Recent advances in molecular and structural biology have led to the determination of many 3D protein structures. This article reviews how solving the geometrical shape comparison problem leads to interesting evolutionary observations, to the prediction of function and structure in particular cases, and, on the basis of an all-on-all comparison, to an understanding of the distribution of known structures in shape space.
Exploiting the observation of evolutionary connections between proteins in order to predict some aspects of structure or function is simple in principle. If a protein is found to be evolutionarily related to another, then information about the function (or shape or enzymatic mechanism, among other attributes) of the one protein can be inferred from that of the other, with varying degrees of accuracy, depending on the evolutionary distance between them.
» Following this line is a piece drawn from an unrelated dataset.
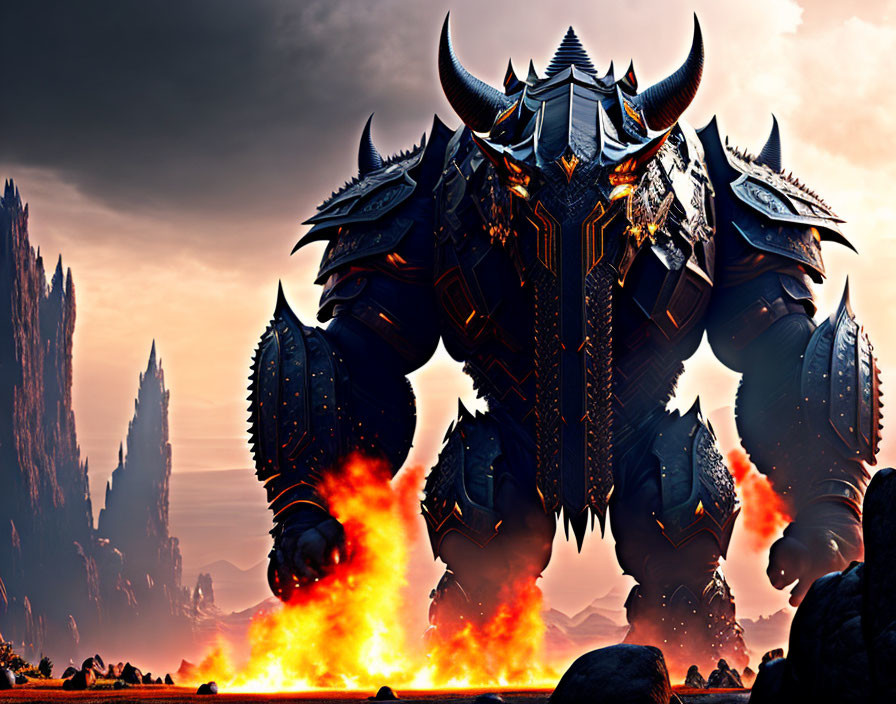 Armored giant breathing fire in hellish landscape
The question then arises as to how evolutionary connections are best detected: by amino acid sequence comparison in 1D or by shape comparison in 3D?
The answer depends on the time interval that has elapsed since the presence of a common ancestor presumed to be similar in function and structure to the two extant descendants. At close evolutionary distances, string comparison between two protein sequences often suffices to establish evolutionary kinship. At larger evolutionary distances, more sophisticated methods must be used to identify subtle similarities in sequence patterns. For example, a method that uses sequence profiles compares probability values for each of 20 amino acids at matching positions in the two proteins under comparison. The most distant relations, however, are no longer detectable by current sequence analysis methods, however sophisticated, and require comparison of the 3D shapes of proteins.
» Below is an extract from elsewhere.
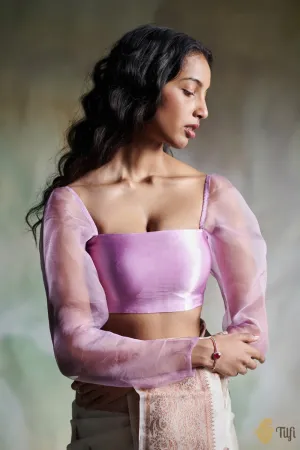 Lavender Satin Silk Organza Blouse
Technically, protein sequence comparison is simpler than shape comparison and is routinely used in studies of protein evolution. Shape comparison can be used only if 3D structures are available (currently in a few percent of all cases), but it is more sophisticated and more powerful than sequence comparison, because similarity of shape remains detectable even though the sequence may have changed beyond recognition in the course of evolution. Comparing protein shapes rather than protein sequences is like using a bigger telescope that looks farther into the universe, and thus farther back in time, opening the door to detecting the most remote and most fascinating evolutionary relations.
An example of what can be done with protein shape comparison is the discovery of a common structural core (a common set of structural elements similarly arranged in space) in two apparently unrelated enzymes from different species with apparently different amino acid sequences. One is mammalian glycogen phosphorylase, a central control point in energy metabolism; the other is a DNA glucosyltransferase that protects the DNA of phage T4 against its own nucleases as it degrades the host's genome (3). Their shape similarity reflects a common chemical mechanism of diphosphate- and sugar-based chemistry, but their substrate specificities and cellular functions, and even their sizes, are very different. Methods for 3D shape comparison were instrumental in this discovery.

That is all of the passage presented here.